# USD or Sterling?



## wandabug (Apr 22, 2010)

Hi.
I am arriving in Thailand next month for 6 months hols.
What is the best way to bring funds? 
I am thinking Travellers cheques but do I bring sterling or us dollars.?
I am coming from UK


----------



## Guest (May 23, 2010)

(You've already sorted your visa?)

The ATM is most tourist's friend, but an charge was introduced for use by a lot of Thai banks last year.

As for comparing the commissions taken by the bank issuing the travellers cheques (plus a dollar or so's charge per cheque when cashing them in at the Thai bank), to the commission charged on ATM cash withdrawals when in Thailand, afraid I can't help you there. I've always gone for the ATM just for ease of use - no queues in the bank, just stick in the CC and out pops the cash.
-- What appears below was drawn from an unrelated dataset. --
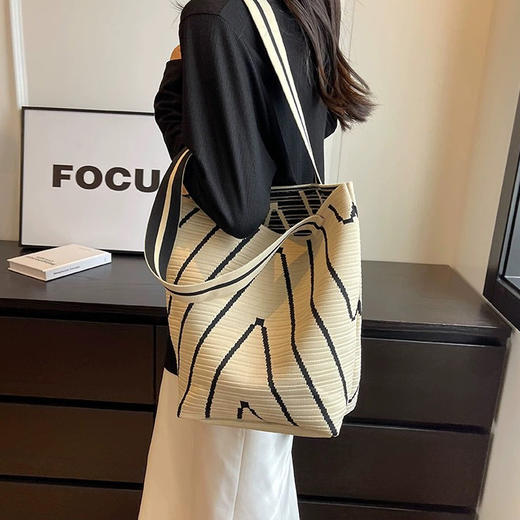 UYOKU 波浪纹针织单肩包 百搭大容量 手提通勤水桶女包 4色可选 商品图1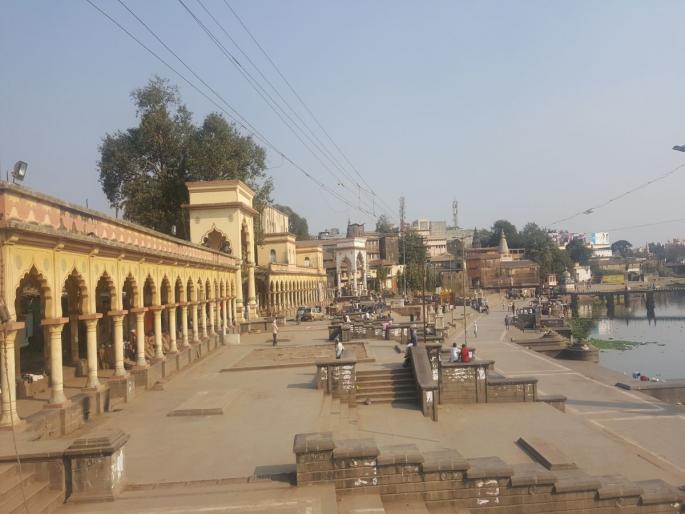 Put away political persons on the Saint | संतपीठावर राजकीय व्यक्तींना ठेवले दूर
If you go the travellers cheques route, don't cash them in at hotels/guest houses etc of course.


----------



## Serendipity2 (Feb 22, 2009)

wandabug said:


> Hi.
> I am arriving in Thailand next month for 6 months hols.
> What is the best way to bring funds?
> I am thinking Travellers cheques but do I bring sterling or us dollars.?
> I am coming from UK



wandabug,

Frogblogger's suggestion of using ATM's is probably best. Make sure you've a high enough 'maximum' from your bank so that you can pull out at least $US500 equivalent. My advice is don't use traveler's checks. There are such good counterfeits anymore that many businesses won't take them. In the USA we can't trust traveler's checks, cashier's checks, bank drafts or even postal money orders. The counterfeiters have gotten SO good they can make any of them look legit, your bank [or a merchant] will accept them and several weeks later they will bounce and your bank reaches into your account and reimburses themselves. I know you're not going to deposit traveler's checks in your bank but the merchant or money changer will. They are very careful and you might have trouble cashing them. Again, I've not used traveler's checks for over 10 years so maybe you're better asking someone there in Thailand now. If they DO accept, as frogblogger said, don't cash at hotel - you'll get a miserable exchange rate. Best is probably a bank but they WILL want to see your passport. The checks better not bounce or you'll not get out of Thailand! 

Serendipity2


----------



## hydroman (Feb 21, 2010)

I agree ATM is the best method I always take about £500 in cash exchange at the exchange place on the left just before immigration, I would though have your banks telephone number at hand when using the ATM as you are going for 6 months and Thailand is a high fraud risk country and it is possible that they will stop your card, its simple to reactivate so don’t worry just happened to me a few times and it can mess up your day


----------